A pigeon ran into my leg today.

And I have accumulated 3 good bus stories since my arrival in Wellington.

1. If you and another teen sprint past a bus through the outskirts of the capital while looking amused and panicked at the prospect of walking 45 minutes, the bus driver will wait a split second longer for you as you come puffing up to the next stop.

2. If a look of extreme panic passes over your companion’s face when she sees a bus coming and you can’t make it to the next stop, the driver will stop for you just before he is supposed to, (provided you are the only people about to be on the service).

3. “You know this bus doesn’t depart for another 10 minutes right?” Yes. But it’s warmer in here than out there. “Fair enough.” The following conversation was genuine, kind, and was a good solidifying reminder to talk to bus drivers. There is a high chance they are bored out of their minds.

I also developed a way to deal with my body’s fear of turbulence on my way from Queenstown to Wellington. Close my eyes, breath deeply, listen to Eminem. (Worked better than anything else I’ve tried so far.)

The city is a good place to think. Most people seem to be preoccupied by this activity, or at least the act of trying not to do it, here in concrete worshipping centers of population. It is also a good place to nurse depression into a worse state of being. No wonder everyone is so damned pessimistic about everything. My most cynical theories develop in direct correlation to how many people I’m around apparently.

But at the same time. I love it. I love how many stories there are. How much potential for creativity and niches. How I am reminded of my futility and possibilities. How I am no different from anyone else.

No matter what my ego tries to whisper in my ear.

I also happily pingponged my way through the museum today. The interactive bits are the best. (Like when they let you play with shadows.) OR when they dedicated a giant space to playing with colored light. If I don’t balance ridiculous amounts of cynicism with ridiculous amounts of happiness, I shall be crushed.

Sometimes I wonder if there are less intense ways to live. Probably. But they usually sound much less fun.

Sauntering in Love

I have a weird aversion to the phrase “in love” when it comes to a person. I am always in love with so many things. I fall in love with places and moments like there is no tomorrow, because I am aware that there may not be one. I fall head over heels with stories and poems and memories.

And I wholeheartedly love people. I can adore who they are and all that they offer the world without a thought of what that could look like to anyone watching.

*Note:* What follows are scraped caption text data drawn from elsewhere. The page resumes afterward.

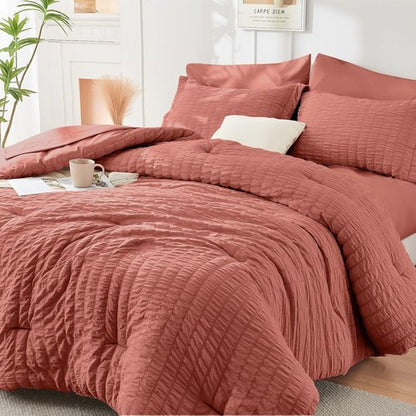 HYMOKEGE Queen Comforter Set - 7-Piece All-Season Luxury Bedding Set in Seersucker Design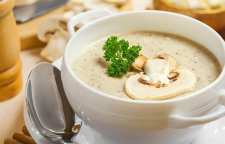 آموزش طبخ سوپ قارچ با نان تست مخصوص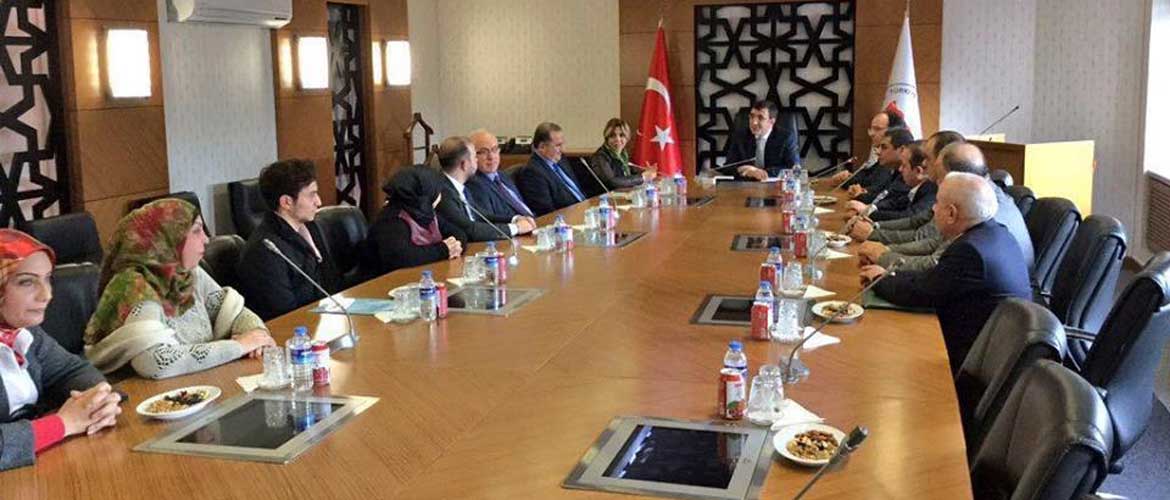 Suriye Dostluk Derneği Genel Başkanı Sn Kadriye Esra AYGÜN'le birlikte şube başkanlarıyla Kalkınma Bakanı Sn Cevdet YILMAZ'ı  makamında ziyaret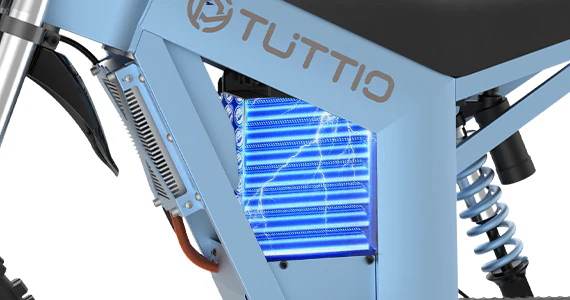 High-capacity battery delivers up to 45 miles per charge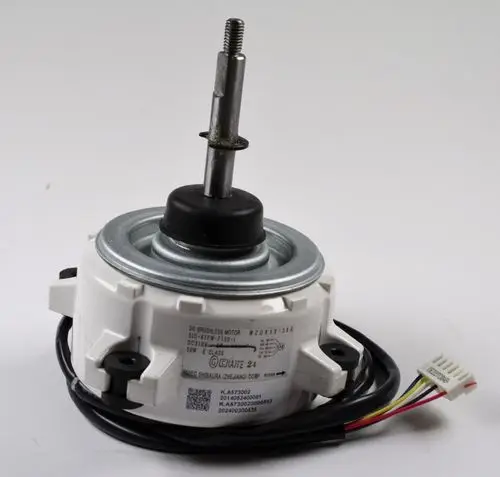 Ventilatormotor von Remko, mit einem Metallwellenansatz und elektrischen Anschlusskabeln. Der Motor hat eine weißer Gehäuse und eine Grundlage zur Befestigung.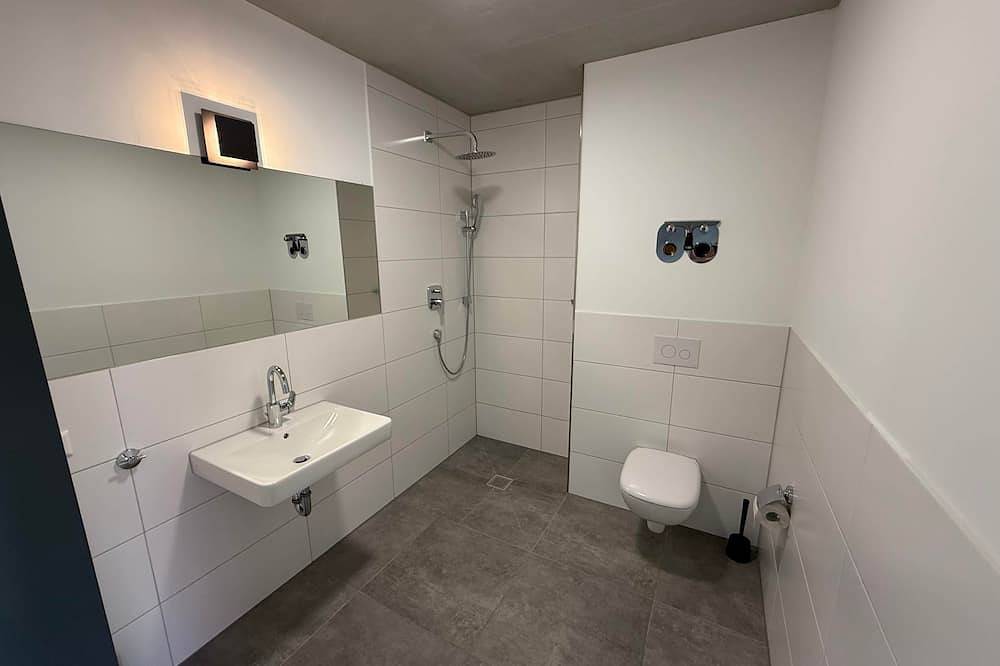 Einzimmer-Apartment mit Doppelbett in Stuttgart, Stuttgart Region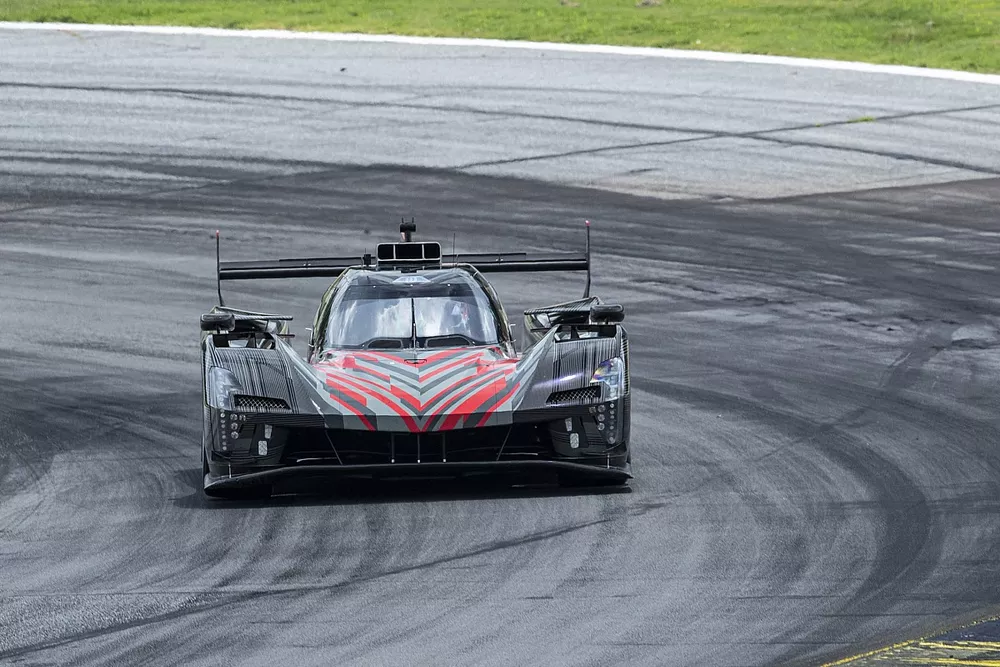 Cadillac V-LMDh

However I cannot use the phrase when I am romantically interested in an individual.

Maybe I am the sort of person that could use that phrase genuinely. I instantly know when I want to understand an individual more deeply. I habitually understand that if I wanted to, I could easily see that person as many times as I wish, even if they live across the globe. I’m hopelessly romantic and my words to those I love reflect this. I genuinely live my life as if it is a story going to be told through writing, film, and photography. When you look at the world that way, interesting camera angles and beautiful words just kind of pop up everywhere.

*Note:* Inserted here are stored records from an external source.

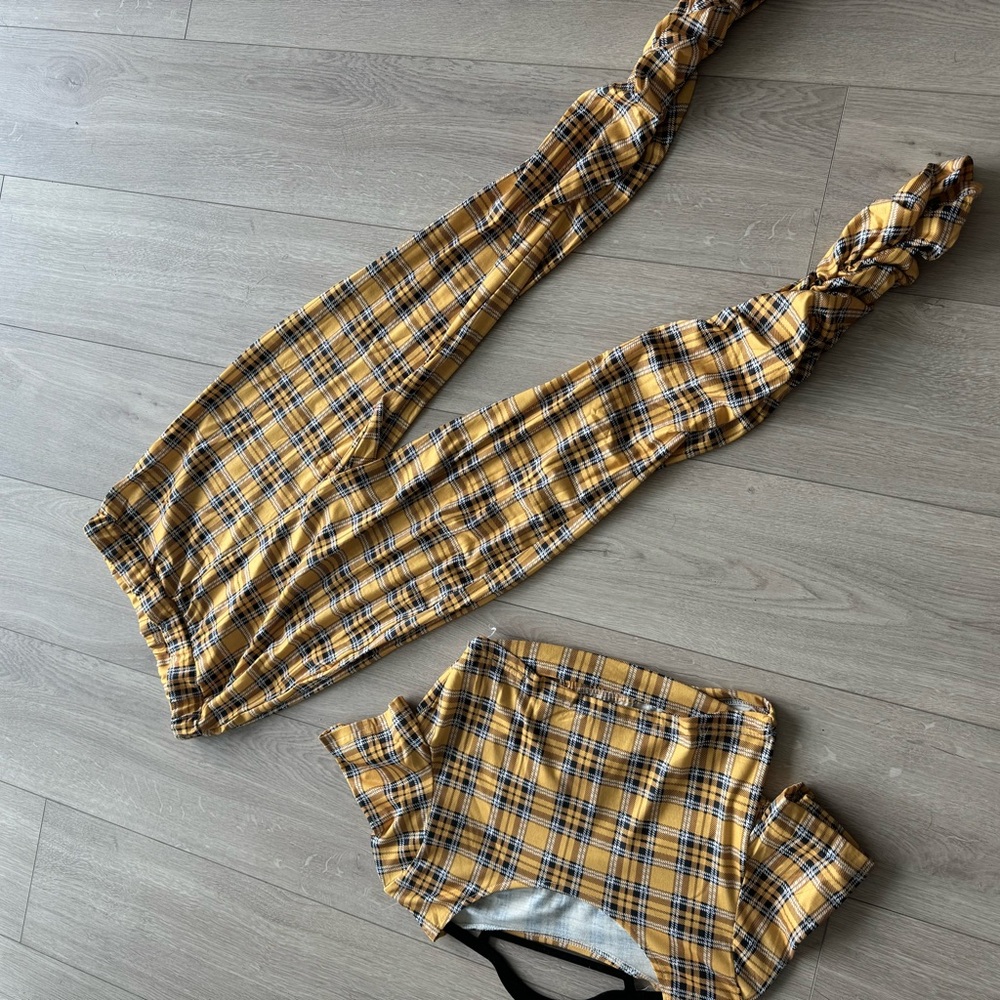 Plaid Set - Picture 4 of 6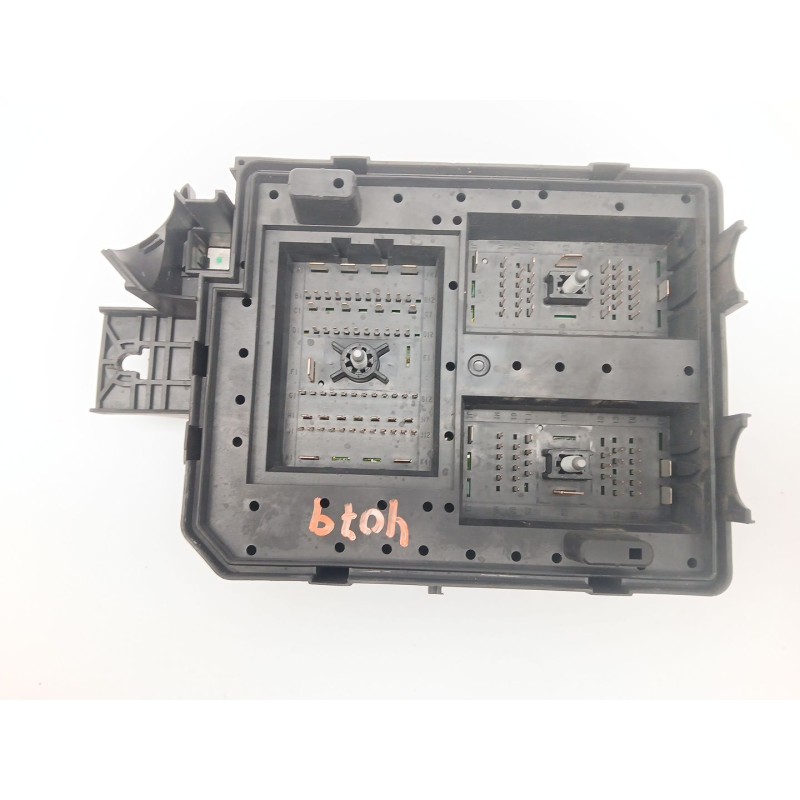 Recambio de caja reles / fusibles para opel corsa e (x15) 1.3 cdti (08, 68) referencia OEM IAM 39036047  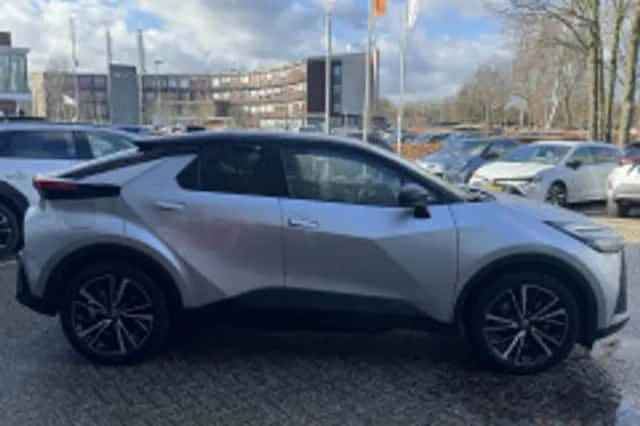 Toyota C hr (2025) thumbnail 3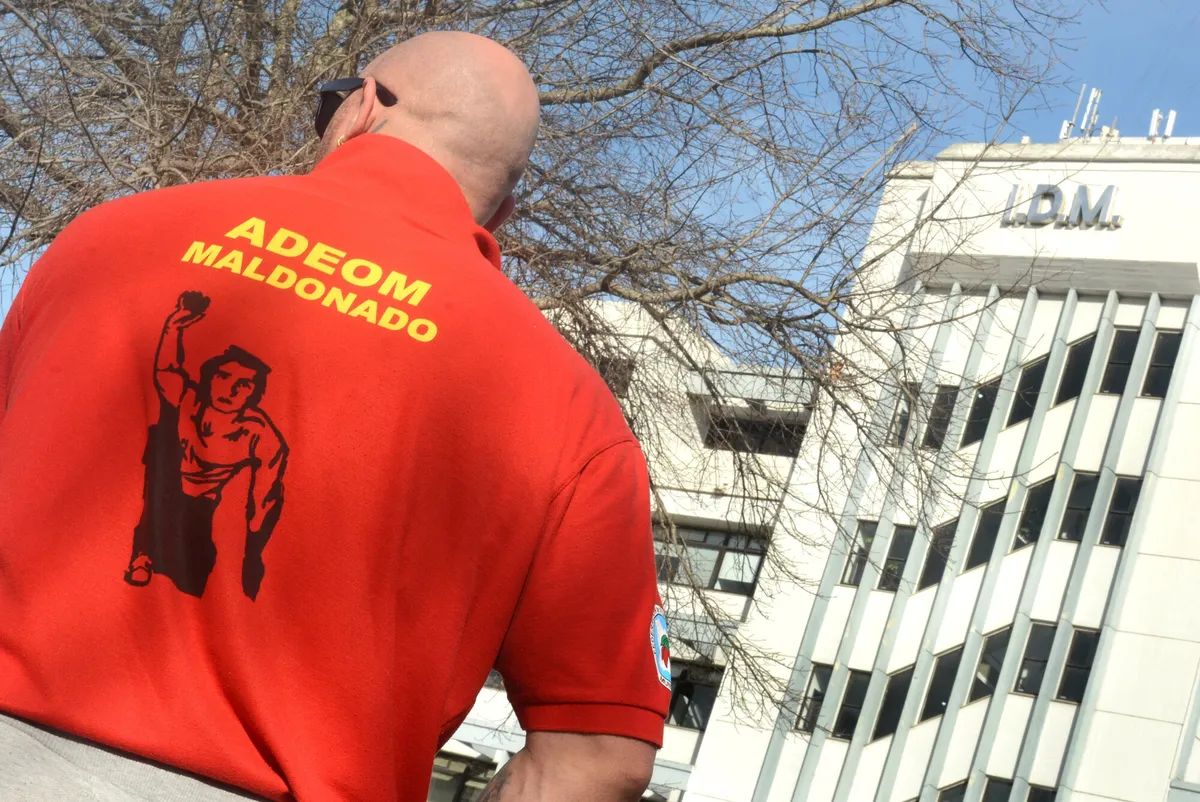 Adeom Maldonado denuncia 129 compensaciones fuera del convenio colectivo y habla de "continuismo clientelar" en la gestión de Abella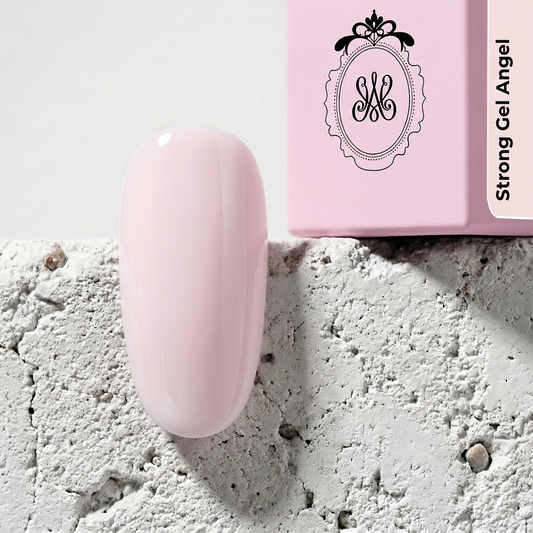 Nude‑farbener Nagel mit Strong Gel Angel von Studio Amelie, neben der passenden Pinselflasche präsentiert.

So I suppose I could use the phrase “in love.” Perhaps I have fallen in love many times and I am in the middle of another casual stumble that sent me careening over a cliff edge. Writing this out, I think I’ve figured out my reasoning a bit clearer.

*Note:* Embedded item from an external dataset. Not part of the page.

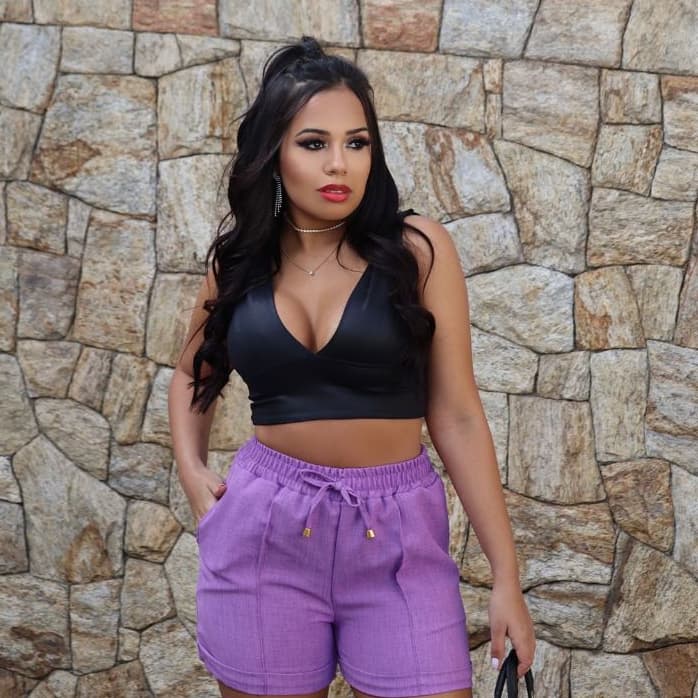 Short Feminino Linho com Bolso e Elástico Tendência 2025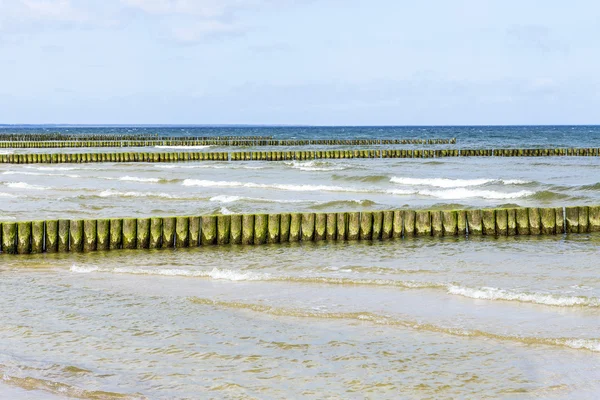 Quebra-ondas no mar báltico — Fotografia de Stock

I don’t want my choices undermined.

If I say I have fallen in love with a person, it sounds as though I tripped into something unexpectedly. It sounds as though my world was suddenly turned upside down by the arrival of this perceived to be wonderful person and oh goodness I can’t live without them and how did I live without them before? That is just not the case. With every question I ask, I understand an object of my current affection more deeply. I can smile at the thought of them, tell stories of conversations, and sing along to love songs with a face in mind. But it is not because I fell there. Maybe I jumped or ran or sauntered or swam or got a little lost and kept walking in a general direction, but that still requires purpose.

I am not falling. I am not helpless. And I certainly don’t need whoever I happen to sing for.

But I’ve chosen them for a while.

And I would rather say that to a person’s face than any sonnet of the unexpected rush of hormones that comes with a desire to be held.